Ze zullen er ook vandaag vast zijn, christenen die er echt van overtuigd zijn dat het Oude Testament nauwelijks meer meedoet.

Opleiding

In de opleiding tot dienaar van het Woord krijgen jonge mensen gelukkig onderwijs over de inhoud en de structuur van zowel het Oude als het Nieuwe Testament. Wie wat het Oude betreft aan Utrecht denkt, noemt de naam van prof. Bob Becking. Met het emeritaat van deze oudtestamenticus op 2 september jl. is een theoloog verdwenen die verschillende generaties hervormde theologen onderwezen heeft. ‘In Utrecht is geen theologie meer en geen bijbelwetenschap’, constateerde hijzelf bij zijn afscheid. Met hem vertrok de laatste wetenschapper uit de Domstad die de kerk ook als dominee gediend had, in Broek in Waterland en Huis ter Heide. Het is een herinnering aan de periode dat de relatie tussen kerk en academische theologie hecht was.

Becking stak als theoloog niet in bij de openbaring van God, maar zag het Oude en het Nieuwe Testament als een getuigenis van mensen wat zij in hun leven ondervonden hebben, ‘waarmee een portret van God getekend is’. Studenten die uit de biblebelt kwamen, ‘sarde ik graag met het feit dat ze voorgaven bijbels te geloven, maar heel veel teksten bleken ze niet te kunnen plaatsen,’ aldus de hoogleraar in het Nederland Dagblad. Het is een zinnetje dat opnieuw duidelijk maakt hoe wezenlijk het meeleven in de kerkelijke gemeente voor studenten theologie is, door de eigen predikant als eerste.

Mexico

Naar Mexico hoeven we de scheidende hoogleraar niet te sturen, dacht ik na lezing van het recente nummer van Theologia Reformata. Daarin behandelt dr. Theo van der Louw de vraag of protestanten in dit Zuid-Amerikaanse land zonder het Oude Testament kunnen. De ervaren bijbelvertaler – we geven zijn woorden door als een spiegel voor de kerk in Nederland – noemt het verbazingwekkend dat het Oude Testament in het land waar hij vier jaar werkte, zo weinig aandacht krijgt, omdat de maatschappij beheerst wordt door thema’s waarover dit deel van de Bijbel ‘overluid spreekt: armoede, onderdrukking, geweld, corruptie, gebrek aan solidariteit, huwelijkstrouw en afgoderij’.

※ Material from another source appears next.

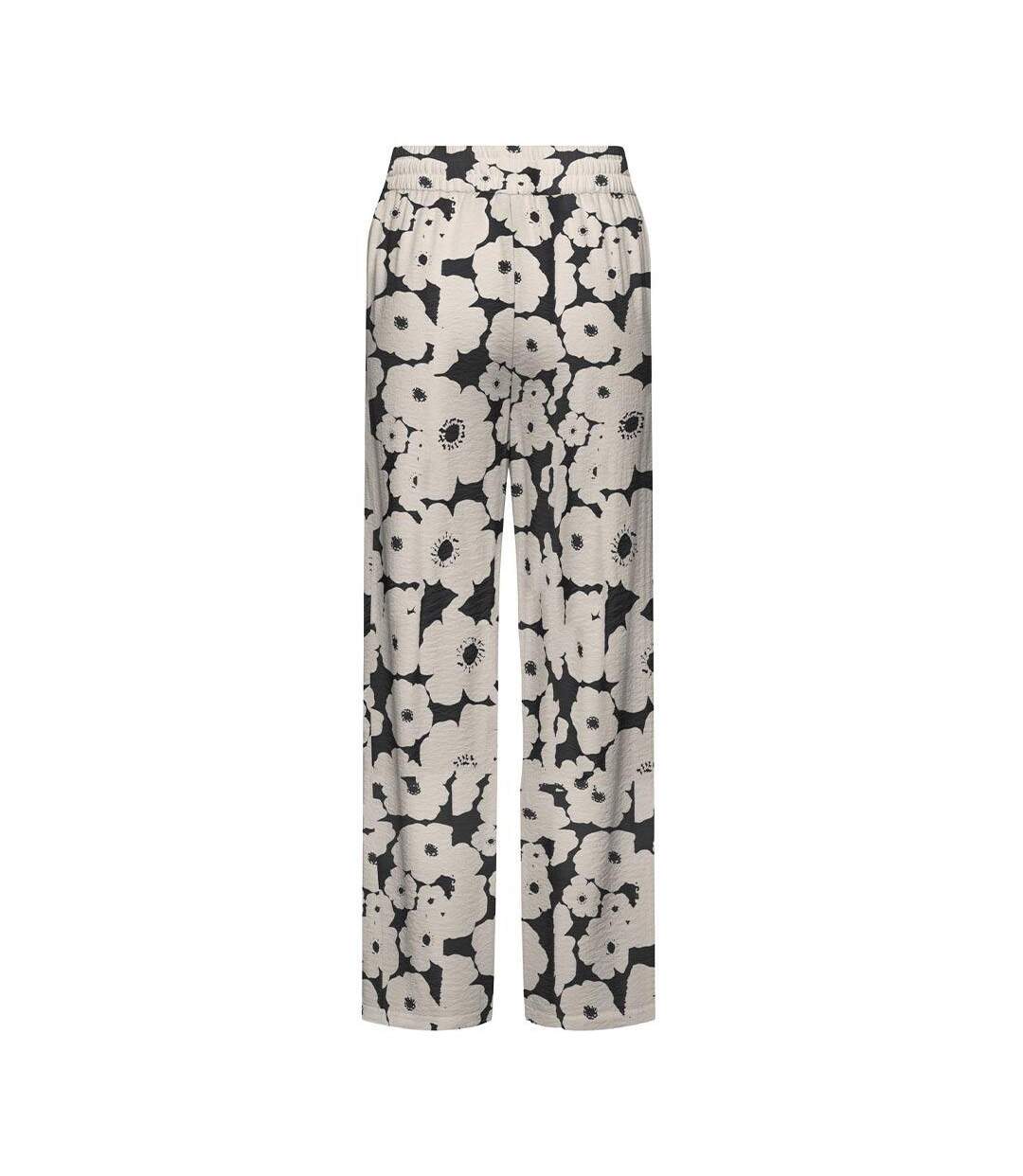Pantalon fluide beige/noir femme jdy troya-2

Daarbij schrijft hij dat de verwachting leefde dat ‘jonge kerken bij hun theologische rijping een natuurlijke ontwikkeling doormaken van Nieuwe naar Oude Testament. Paulus’ prediking voor de heidenen begon bij het kruis en leidde van daar naar het Oude Testament.’ Dr. Van der Louw stelt dat we in de verwachting van de Heilige Geest ons ook mogen buigen over de geschiedenissen uit een oude en verre cultuur.

Duitsland

Dichterbij dan Mexico ligt Duitsland, waar prof. Notger Slenczka, hoogleraar systematische theologie in Berlijn, eerder dit jaar beweerde dat het Oude Testament voor christenen hetzelfde gezag moet hebben als de apocriefe boeken. Hij zei zelfs dit: ‘Feitelijk heeft het Oude Testament in de Evangelische Kerk in Duitsland al geen gezag meer.’ Ook als we meewegen dat vijf collega’s van Slenczka direct aangaven richting hun studenten er ‘geen twijfel over te laten bestaan dat het Oude Testament op dezelfde wijze als het Nieuwe bron en norm van de protestantse theologie is en zal blijven’, moeten we de invloed van de provocerende uitspraken van de Berlijnse professor niet onderschatten.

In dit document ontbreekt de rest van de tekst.